The show was a response to the Illinois Parental Notice of Abortion Act passed in 2013, which requires that health care providers notify an adult family member of a minor’s intent to get an abortion 48 hours before the procedure, Zaleski said.

Zaleski said she hopes the physical action of helping Jane push the boat allows audience members to realize they are not alone in dealing with issues surrounding abortion and to become inspired to push for legislative change.

ICAH executive director Tiffany Pryor said there is a call to action during the play, which asks audience members to sign a petition or write letters to their legislators asking for a repeal of the law. Most of all, she said, she wants audience members to realize the “harsh waters” young people face when trying to have an abortion.
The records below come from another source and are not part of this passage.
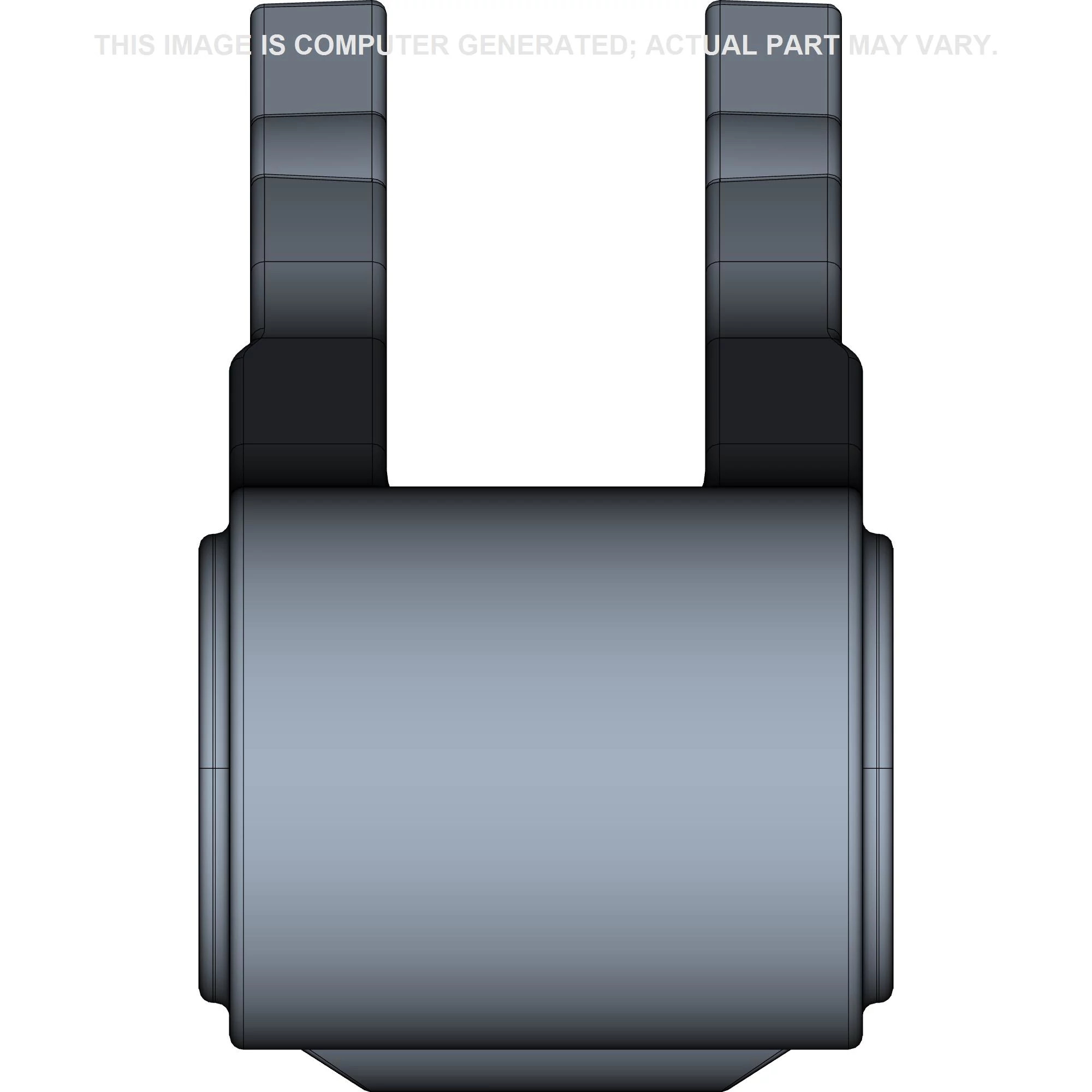 MAILLON | DEFAULT | AMEA | FR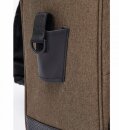 Savage Gear Specialist Rucksack 3 Boxen 23Liter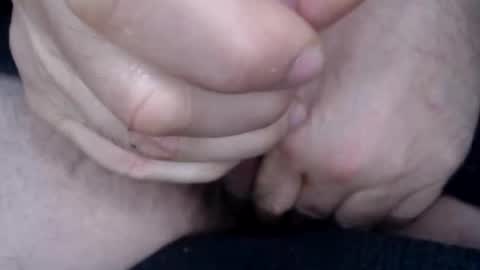 sexplorer4 online show from November 19, 9:59 pm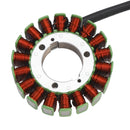 STATOR FOR BENELLI 502C 500 LEONCINO 500 TRK502 TRK502X TORNADO 550 2017-2025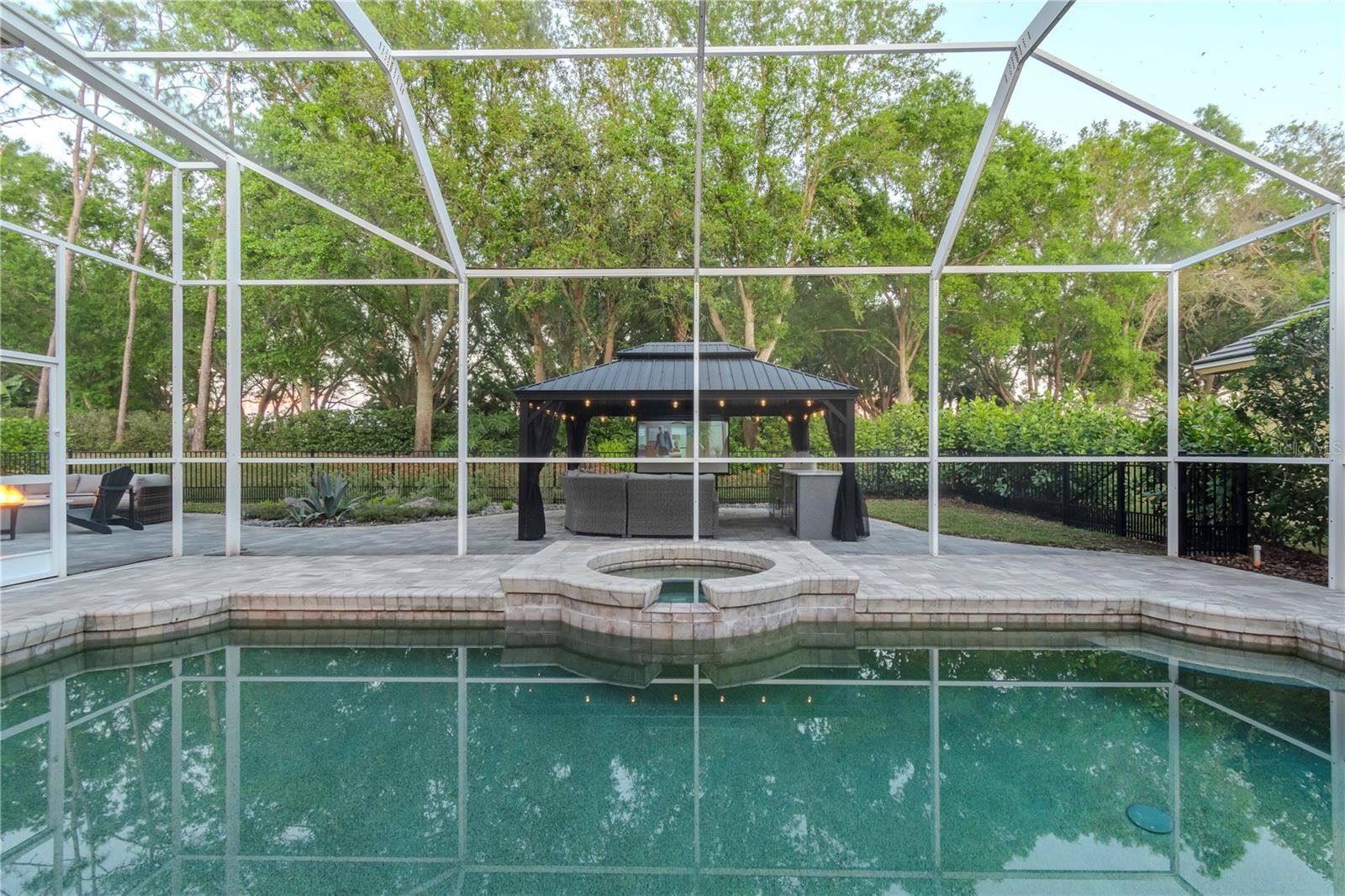 5151 JASMINE WAY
“How are we creating space for young people to have safe conversations with the adults in their lives, and how can the adults in their lives support them through this?” Pryor said. “That’s what I want people to walk away with.”

For many members of ICAH and FYI, including Zaleski, the significance of the play extends beyond one piece of legislation. Zaleski said due to an abusive relationship, her mother underwent multiple abortions, without which Zaleski herself would not be alive.

“I know what it would have meant for my mother to carry the pregnancies to term in that harmful relationship she was in before she met my dad, and that she wouldn’t have been able to go on and live the life she dreamed of for herself,” Zaleski said. “To me, (abortion) feels like one of the most fundamental rights that any person should be able to access.”